Follow up: traduzione

uomo guarda perplesso il computer

Chi si occupa di marketing è quotidianamente circondato da termini inglesi che a volte non sono immediatamente comprensibili.

Letteralmente il significato di follow up in italiano è: “dare seguito” o “proseguire”.

Ampliando il significato di followup si intende “un atto comunicativo che ne rafforza uno precedente”. Ora ti spiego meglio cosa si intende.

L’idea di questo articolo è quella di fornirti una breve guida in cui potrai capire come fare follow up in diverse situazioni:

  1. Nella vendita
  2. Dopo un evento aziendale
  3. A seguito di un corso di formazione
  4. Alla fine di una intervista

Vediamo singolarmente ciascuna di queste situazioni, poi sarai ovviamente tu a capire quale di queste ti interessa di più.

1. Follow up vendita

ragazzo che parla al telefono per follow up

Ok, vendi un prodotto o servizio di altissimo livello, vuoi che tutte le persone lo acquistino e che di conseguenza la tua azienda sia una delle più accreditate.

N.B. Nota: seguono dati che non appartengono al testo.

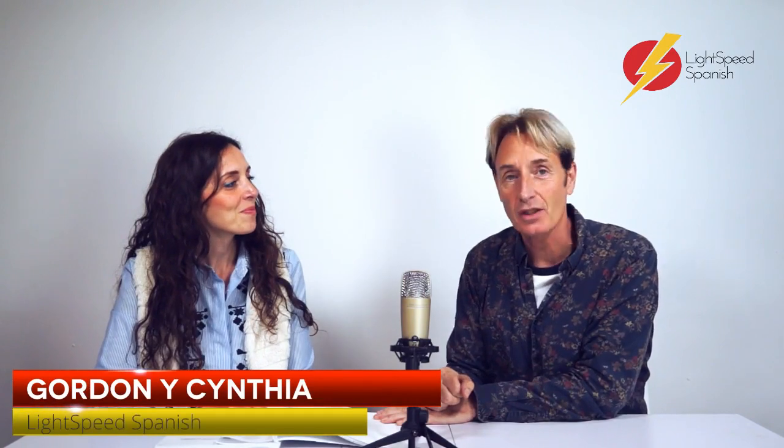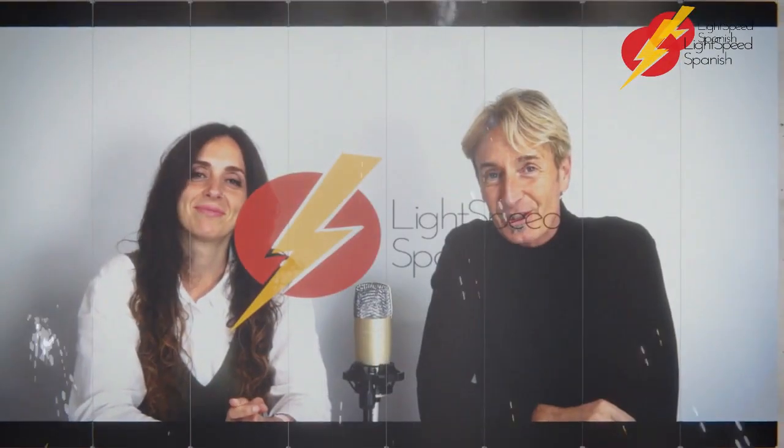Hola. Bienvenidos a Lightspeed Spanish. This week we have another test, and this is a test for beginners — okay, hey, and above, don't think that it's just for beginners. It's a test from this book, which is 'Perfecting the Pronouns', and we're going to be testing demonstrative pronouns. Do you know what they are? They are: this, that, these, those. Then Cynthia will give us the correct answer, at least one of them anyway.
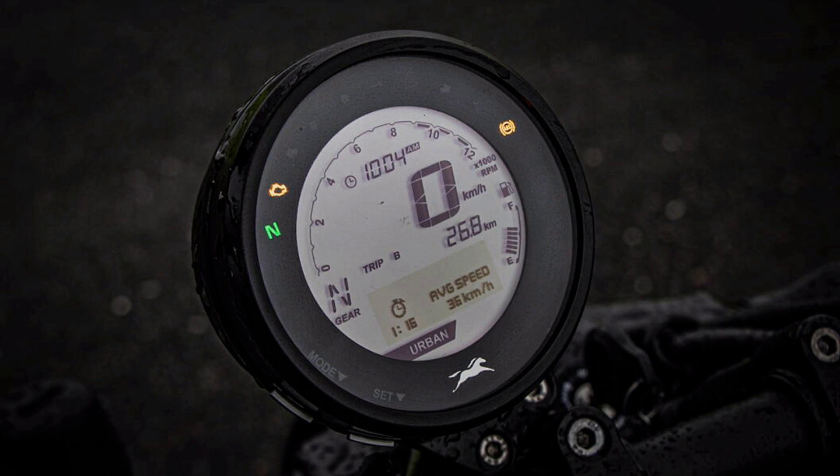The most important feature is the instrument cluster. All the information is available here: gear indicator, fuel indicator, side stand indicator, RPM meter, speed, clock, and average speed — all the information is available in the instrument cluster.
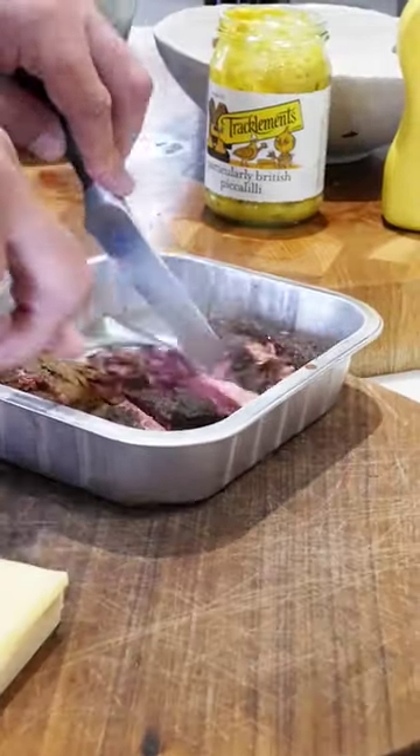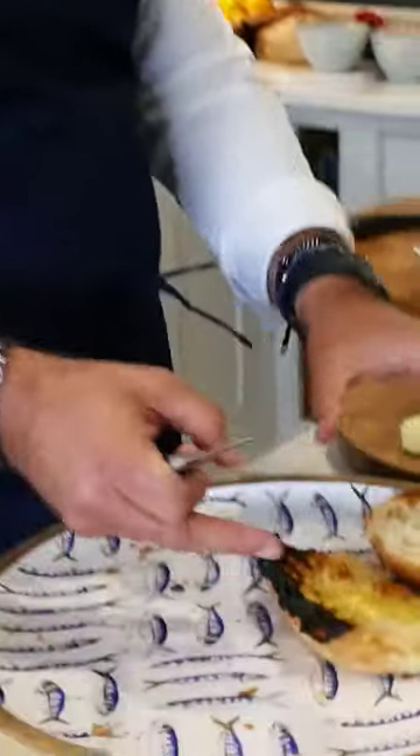Shred it all up ready when the bread comes out. I've toasted my chapata — a little too well on one side.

Purtroppo però “l’erba voglio non cresce neanche nel giardino del re”.

Infatti tocca impegnarsi al massimo ogni giorno per comunicare al mondo che cosa fa la tua azienda, come lo fa, quale è la sua filosofia etc.

Spesso però tutto l’impegno del mondo può non bastare se si usano strumenti inefficaci e inutili per comunicare e per far crescere il proprio business.

Ecco che entra in gioco il follow up!

Nel campo della vendita la definizione di follow up è la seguente:

“Processo nel quale dopo che si è contattato un cliente potenziale (prospect) per la prima volta si continuano a proporre propri servizi o prodotti a intervalli di tempo ben prestabiliti”

Come? Soprattutto utilizzando una strategia di follow up email.

Infatti dopo che una persona, interessata al tuo prodotto o servizio, è stata agganciata dovrai servirti di una comunicazione accattivante e continua tramite email per farla diventare un tuo cliente.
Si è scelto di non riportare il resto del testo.